### REQUIRED ACTION
Search the records for the string "Personalized" and return each line that has it.

### DATA UNDER STUDY
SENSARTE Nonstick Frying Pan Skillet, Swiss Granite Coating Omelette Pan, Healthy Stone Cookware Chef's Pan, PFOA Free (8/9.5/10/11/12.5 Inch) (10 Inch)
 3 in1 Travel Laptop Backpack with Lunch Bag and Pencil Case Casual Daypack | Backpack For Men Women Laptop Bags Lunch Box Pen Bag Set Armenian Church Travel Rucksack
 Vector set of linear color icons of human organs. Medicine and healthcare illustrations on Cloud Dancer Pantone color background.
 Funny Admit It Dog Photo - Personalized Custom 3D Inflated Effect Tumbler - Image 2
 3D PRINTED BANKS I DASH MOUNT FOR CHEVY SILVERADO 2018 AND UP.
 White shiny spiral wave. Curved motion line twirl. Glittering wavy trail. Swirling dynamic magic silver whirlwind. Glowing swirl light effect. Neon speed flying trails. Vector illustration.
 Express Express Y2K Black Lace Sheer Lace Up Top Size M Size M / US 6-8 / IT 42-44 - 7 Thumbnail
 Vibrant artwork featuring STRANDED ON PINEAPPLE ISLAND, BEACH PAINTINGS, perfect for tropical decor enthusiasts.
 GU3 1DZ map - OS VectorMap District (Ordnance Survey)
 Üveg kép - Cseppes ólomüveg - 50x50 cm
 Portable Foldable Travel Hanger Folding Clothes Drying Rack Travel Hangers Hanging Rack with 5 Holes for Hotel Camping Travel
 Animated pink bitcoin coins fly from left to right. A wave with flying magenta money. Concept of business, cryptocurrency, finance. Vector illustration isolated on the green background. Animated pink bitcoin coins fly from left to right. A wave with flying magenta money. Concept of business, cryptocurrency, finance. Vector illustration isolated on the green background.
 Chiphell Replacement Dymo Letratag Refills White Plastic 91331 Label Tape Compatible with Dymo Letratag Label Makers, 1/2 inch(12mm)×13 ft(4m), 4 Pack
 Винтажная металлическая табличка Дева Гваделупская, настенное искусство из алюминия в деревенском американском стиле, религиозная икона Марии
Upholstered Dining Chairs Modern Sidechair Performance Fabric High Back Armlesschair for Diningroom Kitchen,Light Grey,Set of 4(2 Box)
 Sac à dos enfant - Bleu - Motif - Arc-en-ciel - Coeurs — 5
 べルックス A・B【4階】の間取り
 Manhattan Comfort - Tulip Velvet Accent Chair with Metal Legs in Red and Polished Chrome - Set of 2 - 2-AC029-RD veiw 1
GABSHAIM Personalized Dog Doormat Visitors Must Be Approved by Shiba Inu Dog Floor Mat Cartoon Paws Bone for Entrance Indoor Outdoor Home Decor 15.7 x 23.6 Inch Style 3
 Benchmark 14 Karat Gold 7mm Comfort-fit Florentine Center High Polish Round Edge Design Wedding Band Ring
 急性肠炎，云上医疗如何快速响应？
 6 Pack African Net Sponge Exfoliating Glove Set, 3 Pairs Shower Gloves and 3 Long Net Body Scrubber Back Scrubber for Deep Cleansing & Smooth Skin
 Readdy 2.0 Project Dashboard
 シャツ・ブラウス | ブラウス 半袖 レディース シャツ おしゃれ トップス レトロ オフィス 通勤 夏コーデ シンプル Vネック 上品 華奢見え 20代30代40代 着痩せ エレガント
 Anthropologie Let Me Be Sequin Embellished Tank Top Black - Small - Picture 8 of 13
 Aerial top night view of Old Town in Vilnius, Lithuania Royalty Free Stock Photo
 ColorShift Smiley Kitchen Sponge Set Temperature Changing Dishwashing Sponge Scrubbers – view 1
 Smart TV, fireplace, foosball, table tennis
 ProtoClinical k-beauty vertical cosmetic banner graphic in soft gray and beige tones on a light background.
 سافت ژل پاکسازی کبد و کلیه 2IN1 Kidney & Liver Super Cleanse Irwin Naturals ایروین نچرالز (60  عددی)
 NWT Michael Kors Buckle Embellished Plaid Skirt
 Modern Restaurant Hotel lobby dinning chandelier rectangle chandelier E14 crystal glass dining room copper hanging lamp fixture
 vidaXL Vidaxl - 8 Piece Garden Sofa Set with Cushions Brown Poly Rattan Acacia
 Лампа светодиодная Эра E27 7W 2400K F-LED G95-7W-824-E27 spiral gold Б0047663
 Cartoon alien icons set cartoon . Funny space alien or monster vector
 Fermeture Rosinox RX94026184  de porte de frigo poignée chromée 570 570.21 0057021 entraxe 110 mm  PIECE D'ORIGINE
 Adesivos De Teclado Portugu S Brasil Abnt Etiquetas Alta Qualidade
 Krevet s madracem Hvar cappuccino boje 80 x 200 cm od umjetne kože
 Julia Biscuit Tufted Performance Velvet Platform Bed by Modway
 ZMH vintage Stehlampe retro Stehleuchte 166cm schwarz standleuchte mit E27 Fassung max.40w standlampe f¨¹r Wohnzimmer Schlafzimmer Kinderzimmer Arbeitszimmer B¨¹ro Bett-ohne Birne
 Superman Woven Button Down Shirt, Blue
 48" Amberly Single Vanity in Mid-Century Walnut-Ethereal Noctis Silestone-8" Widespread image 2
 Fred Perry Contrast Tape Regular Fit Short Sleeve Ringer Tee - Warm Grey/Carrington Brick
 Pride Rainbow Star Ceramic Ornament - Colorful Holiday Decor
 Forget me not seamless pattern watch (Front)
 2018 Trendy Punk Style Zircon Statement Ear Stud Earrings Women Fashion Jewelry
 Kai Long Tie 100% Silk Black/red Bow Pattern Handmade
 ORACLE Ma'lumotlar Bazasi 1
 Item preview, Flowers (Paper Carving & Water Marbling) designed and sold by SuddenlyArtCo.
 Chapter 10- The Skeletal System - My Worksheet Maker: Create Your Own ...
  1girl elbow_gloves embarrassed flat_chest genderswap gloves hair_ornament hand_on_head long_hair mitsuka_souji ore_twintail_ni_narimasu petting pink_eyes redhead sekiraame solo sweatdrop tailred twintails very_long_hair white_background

### THE ANSWER
 Funny Admit It Dog Photo - Personalized Custom 3D Inflated Effect Tumbler - Image 2
GABSHAIM Personalized Dog Doormat Visitors Must Be Approved by Shiba Inu Dog Floor Mat Cartoon Paws Bone for Entrance Indoor Outdoor Home Decor 15.7 x 23.6 Inch Style 3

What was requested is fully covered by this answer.